TASK TO CARRY OUT >>
Every line in the data below from the one containing "History & Crystal Enthusiasts" down to the one containing "T by Alexander", both included, must be retyped exactly; no other line is to appear.

DATA RECORDS >>

-=-=-=-=-

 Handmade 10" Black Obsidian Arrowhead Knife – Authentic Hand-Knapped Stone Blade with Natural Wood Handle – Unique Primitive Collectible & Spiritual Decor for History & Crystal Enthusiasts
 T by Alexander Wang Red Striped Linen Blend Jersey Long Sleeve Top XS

-=-=-=-=-

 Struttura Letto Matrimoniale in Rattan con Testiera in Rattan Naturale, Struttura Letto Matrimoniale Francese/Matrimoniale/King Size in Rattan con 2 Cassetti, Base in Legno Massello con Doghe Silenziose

-=-=-=-=-

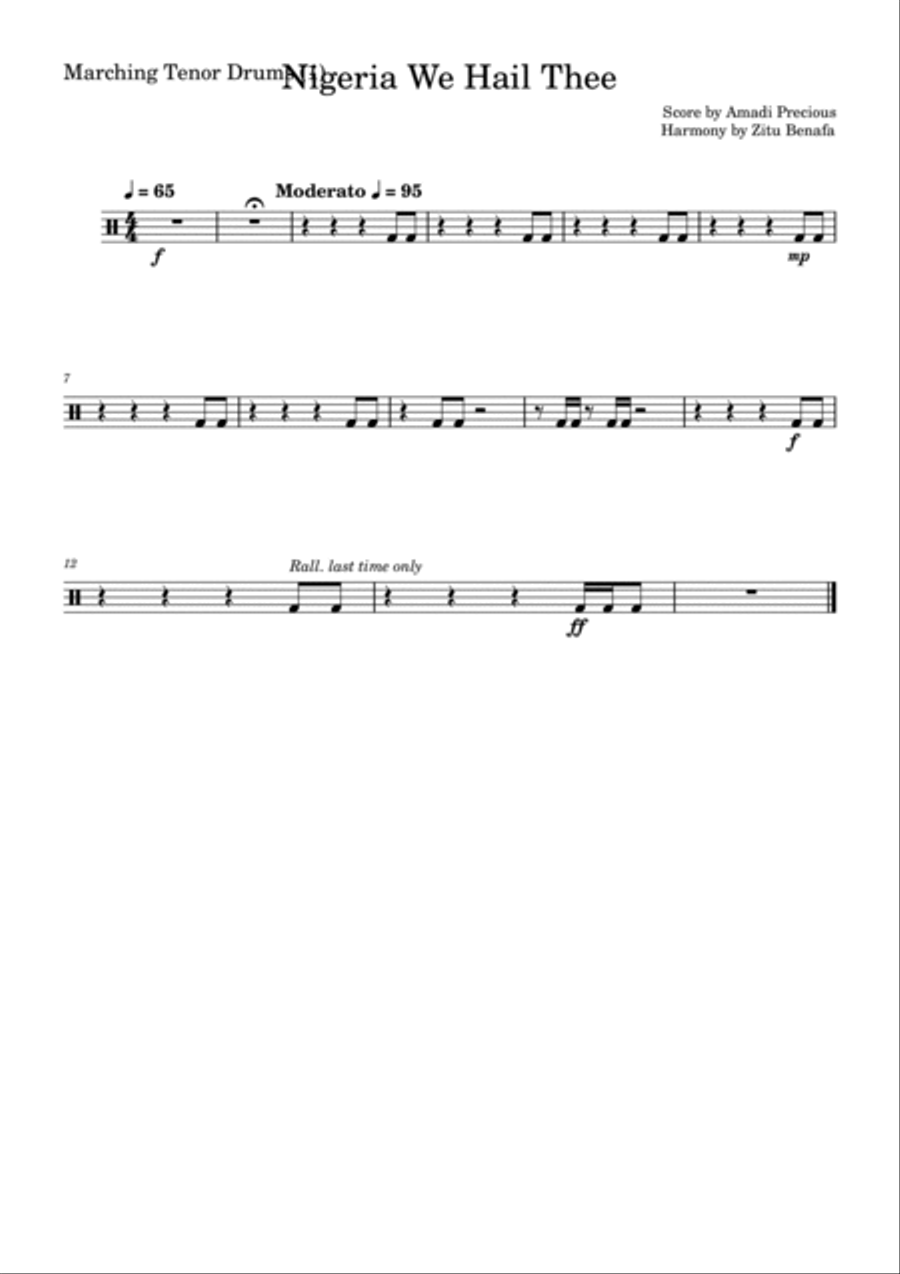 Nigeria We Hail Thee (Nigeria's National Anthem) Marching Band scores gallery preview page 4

-=-=-=-=-

RESULT OF THE TASK >>
 Handmade 10" Black Obsidian Arrowhead Knife – Authentic Hand-Knapped Stone Blade with Natural Wood Handle – Unique Primitive Collectible & Spiritual Decor for History & Crystal Enthusiasts
 T by Alexander Wang Red Striped Linen Blend Jersey Long Sleeve Top XS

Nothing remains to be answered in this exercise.